Crawled caption data:
_ _ _ _ _ _ _

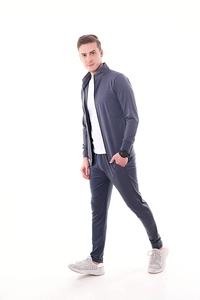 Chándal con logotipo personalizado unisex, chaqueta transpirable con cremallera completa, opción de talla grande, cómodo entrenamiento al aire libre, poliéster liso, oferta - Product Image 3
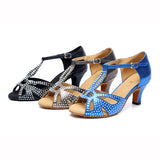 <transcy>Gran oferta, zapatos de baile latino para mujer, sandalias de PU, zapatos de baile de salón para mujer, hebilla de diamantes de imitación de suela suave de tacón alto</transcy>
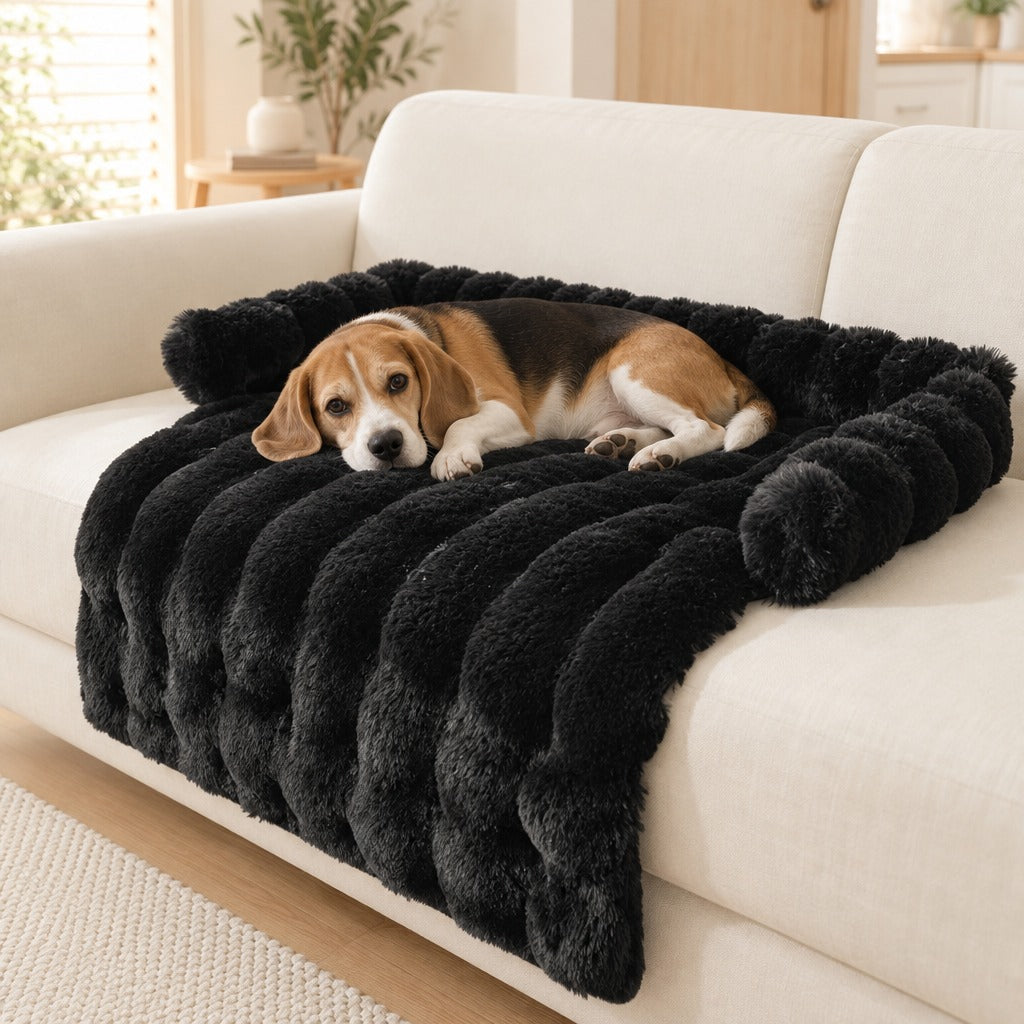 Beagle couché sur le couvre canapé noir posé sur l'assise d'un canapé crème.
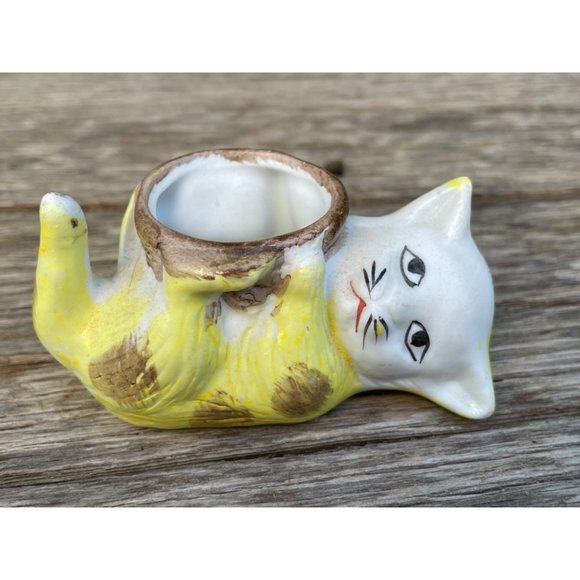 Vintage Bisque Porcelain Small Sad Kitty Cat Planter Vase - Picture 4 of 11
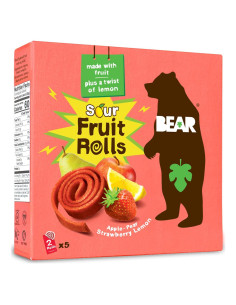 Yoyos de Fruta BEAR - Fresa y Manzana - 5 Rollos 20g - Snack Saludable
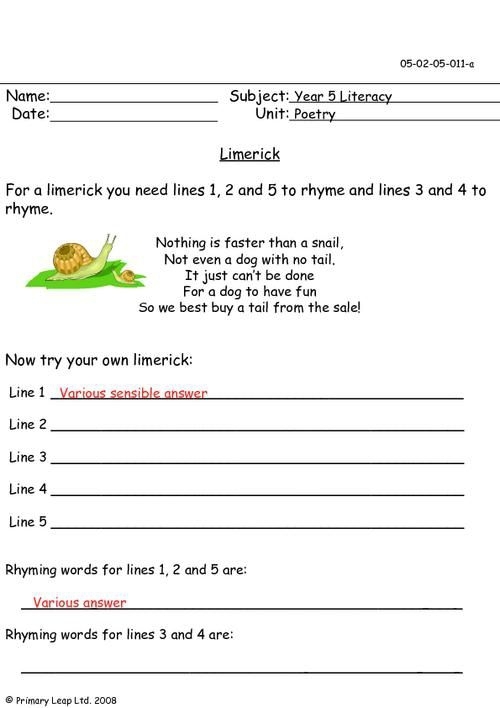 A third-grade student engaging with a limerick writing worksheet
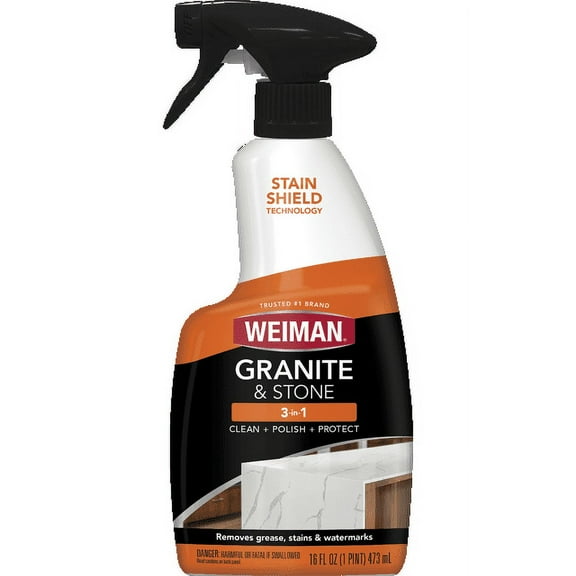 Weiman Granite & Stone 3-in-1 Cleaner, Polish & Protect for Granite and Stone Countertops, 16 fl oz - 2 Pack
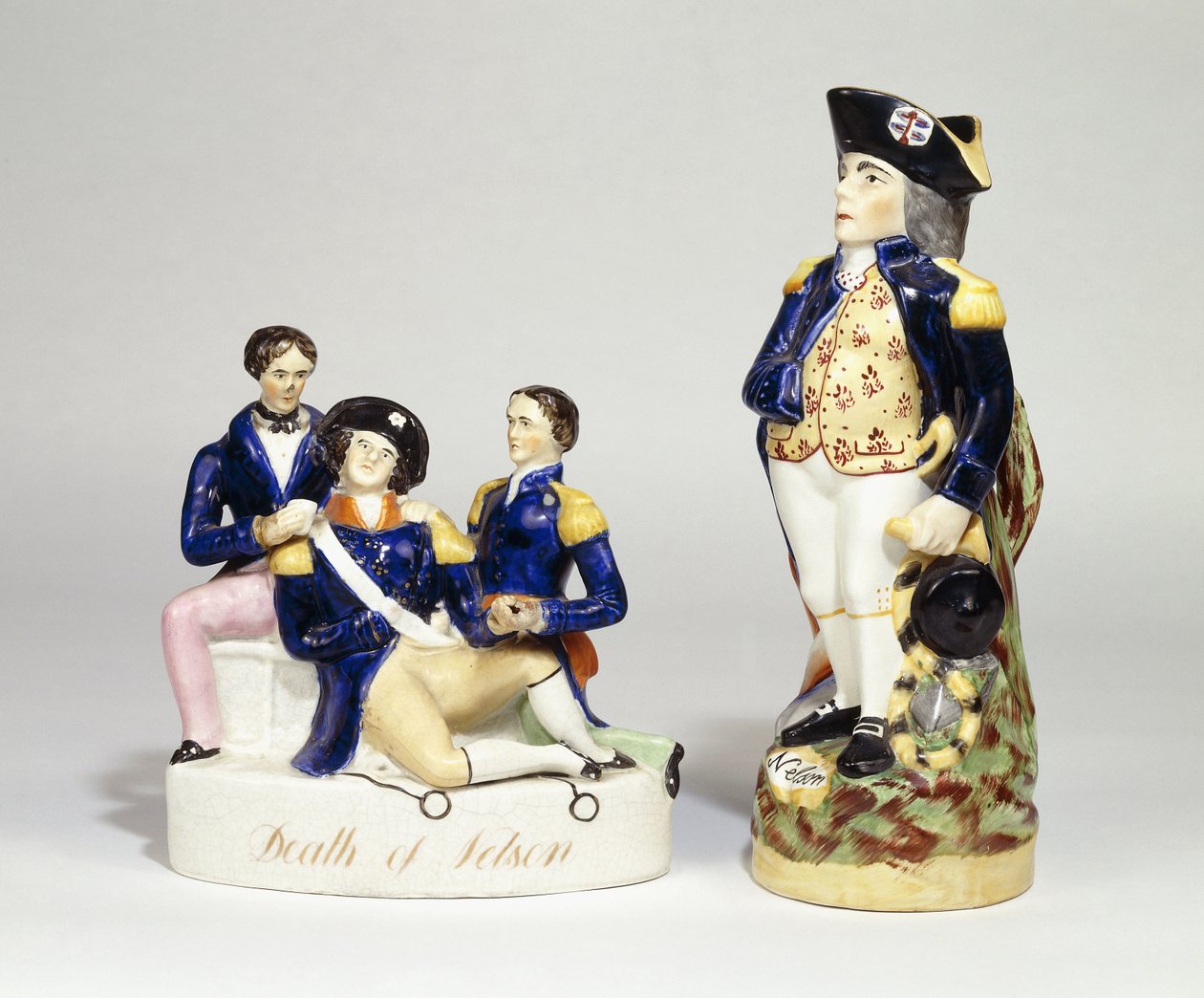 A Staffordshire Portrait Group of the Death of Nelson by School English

_ _ _ _ _ _ _

- **Task statement**: Would you set down the entries exactly as given, minus their pictures?

- **Output for this exercise**:
 Chándal con logotipo personalizado unisex, chaqueta transpirable con cremallera completa, opción de talla grande, cómodo entrenamiento al aire libre, poliéster liso, oferta - Product Image 3
 <transcy>Gran oferta, zapatos de baile latino para mujer, sandalias de PU, zapatos de baile de salón para mujer, hebilla de diamantes de imitación de suela suave de tacón alto</transcy>
 Beagle couché sur le couvre canapé noir posé sur l'assise d'un canapé crème.
 Vintage Bisque Porcelain Small Sad Kitty Cat Planter Vase - Picture 4 of 11
 Yoyos de Fruta BEAR - Fresa y Manzana - 5 Rollos 20g - Snack Saludable
 A third-grade student engaging with a limerick writing worksheet
 Weiman Granite & Stone 3-in-1 Cleaner, Polish & Protect for Granite and Stone Countertops, 16 fl oz - 2 Pack
 A Staffordshire Portrait Group of the Death of Nelson by School English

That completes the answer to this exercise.